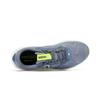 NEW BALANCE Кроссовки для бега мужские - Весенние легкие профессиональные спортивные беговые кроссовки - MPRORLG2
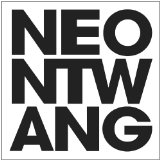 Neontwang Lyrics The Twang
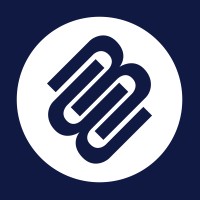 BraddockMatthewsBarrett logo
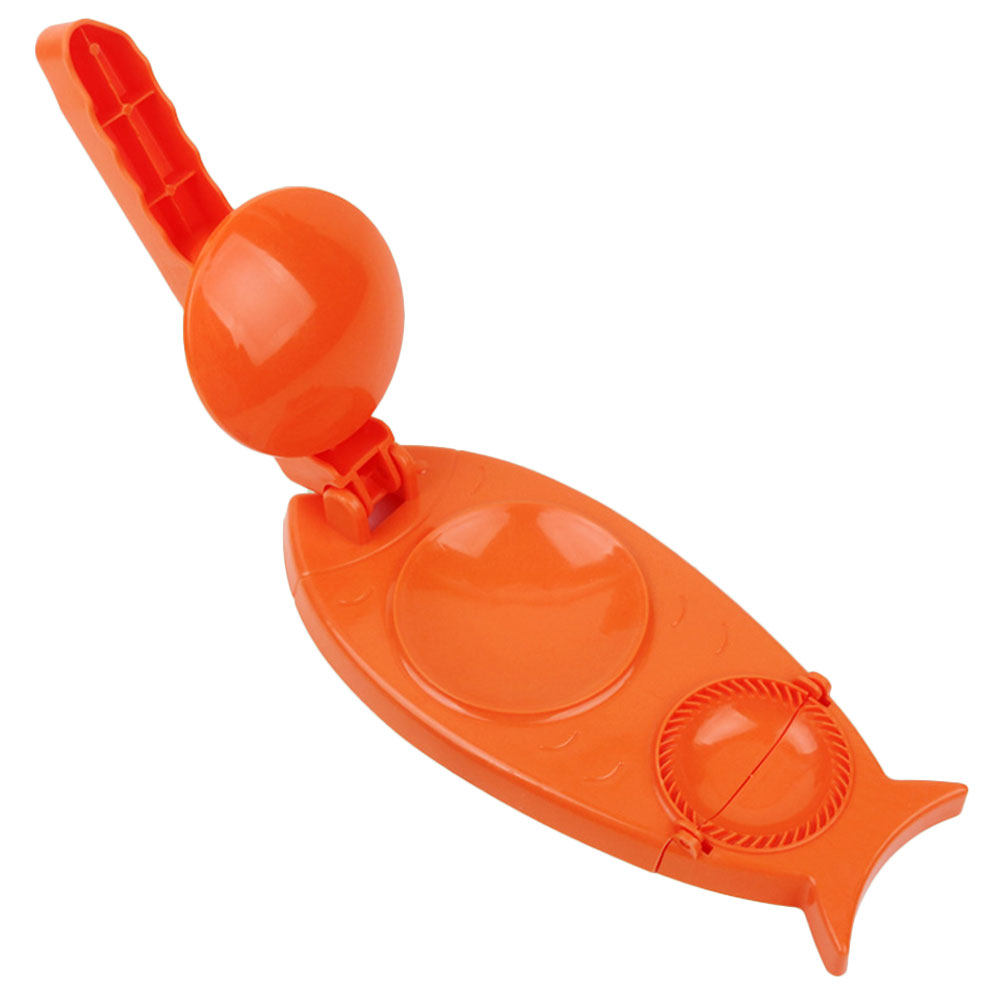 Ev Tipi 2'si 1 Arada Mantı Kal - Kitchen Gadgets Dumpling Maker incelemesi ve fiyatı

= = =

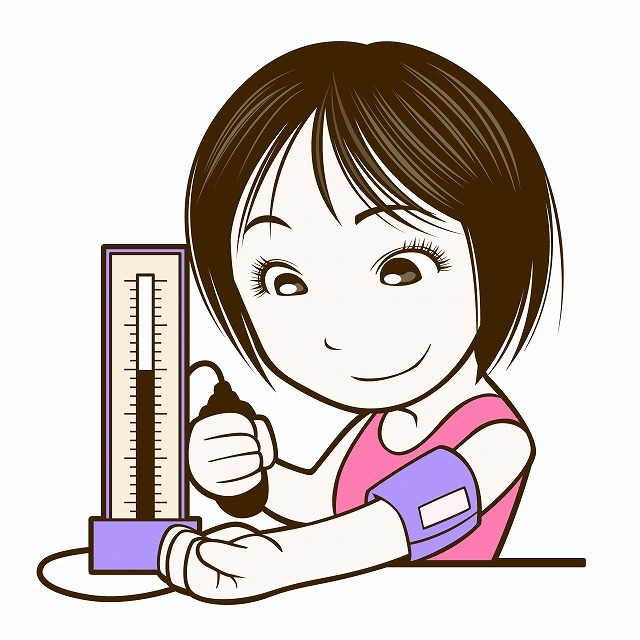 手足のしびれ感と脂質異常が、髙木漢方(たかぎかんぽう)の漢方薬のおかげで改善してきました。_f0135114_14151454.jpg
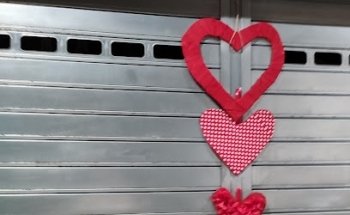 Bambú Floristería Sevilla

= = =

YOUR TASK:
Transcribe the listing above exactly, but only from the line with "BraddockMatthewsBarrett logo" through the line with "Ev Tipi 2'si". Include both of those lines and omit the pictures.

RESULT:
 BraddockMatthewsBarrett logo
 Ev Tipi 2'si 1 Arada Mantı Kal - Kitchen Gadgets Dumpling Maker incelemesi ve fiyatı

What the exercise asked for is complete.